I called Riley up and rokkered (to speak) to him about the possibility of making a film. He said he was up for it and wanted to know if it would be like a film called Cherry Orchard that the Romany journalist Jake Bowers had made about Riley’s uncles when they went to pick cherries. I said yeah, it could be a bit like that, and reassured him that the quality would be good. As DoPs I would have two seasoned short film directors – Charles Newland, also a Romany Gypsy, and Phillip Osborne, an old friend of mine and my family’s who I trusted to understand the cultural sensitivities. So we had a great team who all knew the culture intimately.
I had an image in mind of Riley tap-dancing under a tree at sunset but we didn’t manage to get that shot – I explained the idea and I think he thought it was a bit weird. But I think the shots we did get were strong. I particularly like the one of Riley’s dad kissing his baby grandson while we can hear the tap dancing in the background. It’s just a side of Romany men that the public never gets to see. You could argue that the shots with the horses are stereotypical, but the Romany relationship to horses is very important to us and I thought it set the scene.
We made the film for a pittance: the price of our diesel whatever we might have lost by taking the time off to make it. Riley’s mum kept us fed all day with tea, cake and stacks of sandwiches.

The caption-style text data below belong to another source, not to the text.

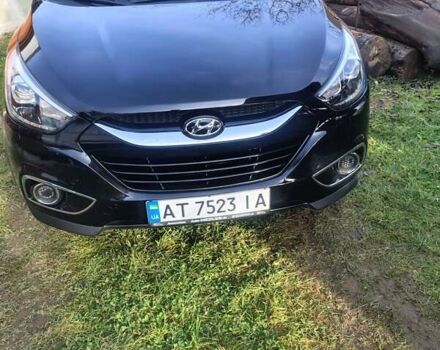 Черный Хендай их35, объемом двигателя 1.7 л и пробегом 165 тыс. км за 15250 $, фото 6 на Automoto.ua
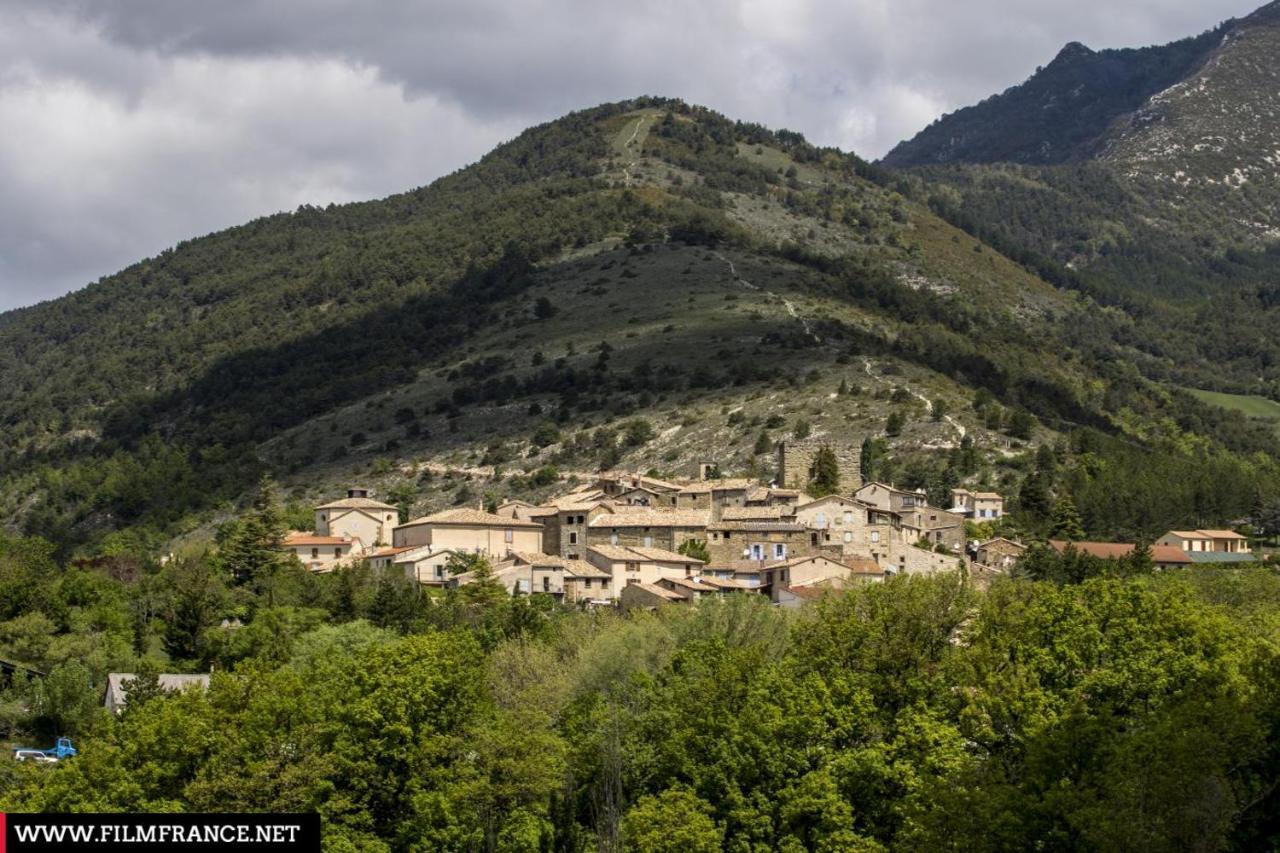 Chateau De Rosans Buitenkant foto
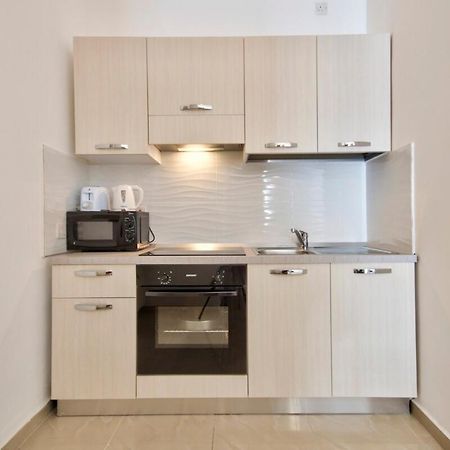 Urbanstays - Gzira 1 Bedroom Apartments By Shortletsmalta Exteriör bild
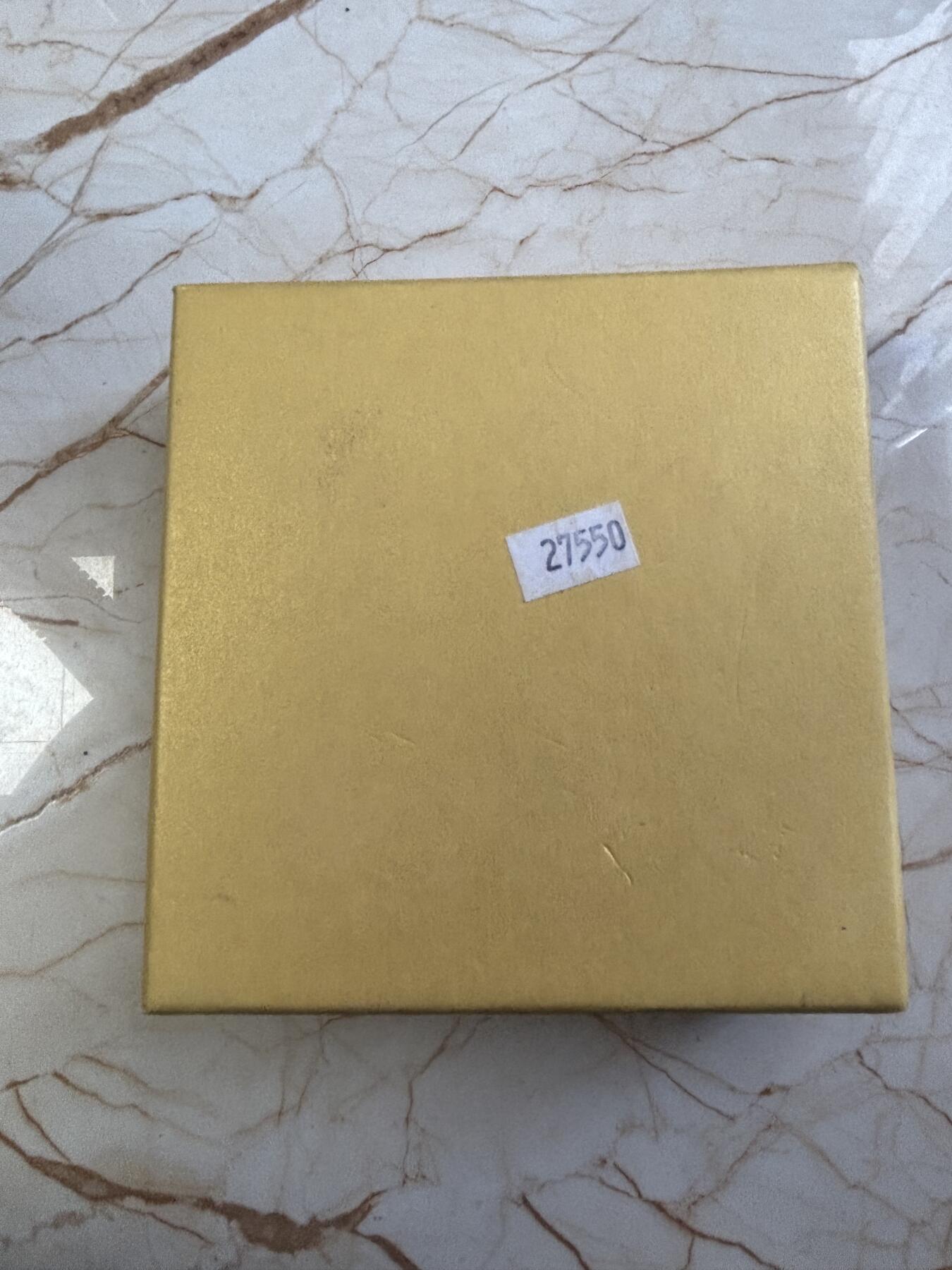 第183期拍卖 库克2016镜中花艺术首枚花卉镶手工纸花薄片银币带盒无证书，999银，1/2盎司，发行999枚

I had another motivation for making the film. Through years of working as a journalist and sometime Romany rights activist, I had been in contact with Roma people from many different countries. On one level this was amazing: it broadened my horizons and helped me see how diverse our community was, and I made some great friends. But at another level it was depressing. People constantly questioned the cultural authenticity of British Romany people, largely based on our skin colour, our command of the Romani language, and the fact that musicality didn’t seem to play a central role in our culture. It was assumed that Eastern Europe – possibly alongside Spain – was the centre of Romany culture, and that our country was a backwater full of inauthentic ‘Gypsies’. There were cracks in this argument everywhere I looked – the Romungre Roma of Hungary do not speak Romani, and there were fair-skinned and blue-eyed Roma in every community I encountered ... But the assumption was still there.
With Riley and his family, I saw the opportunity to rebut some people’s assumptions about our community. Contrary to some of the refrains I often hear, many of us are dark-skinned and – due to this as well as our accent and the Romani dialect we speak – visibly identifiable as Gypsies to the surrounding community. And for some of us, music and dance are part of an ancient way of life. In these respects, I think the film speaks for itself.
And really, as its DoP/editor Phillip Osborne put it, “It’s really just a film about a father’s pride in his son”. We showed Riley’s dad some of the rushes after we’d shot them on the day. His face lit up, and he said “Cor, ain’t that clear?”.’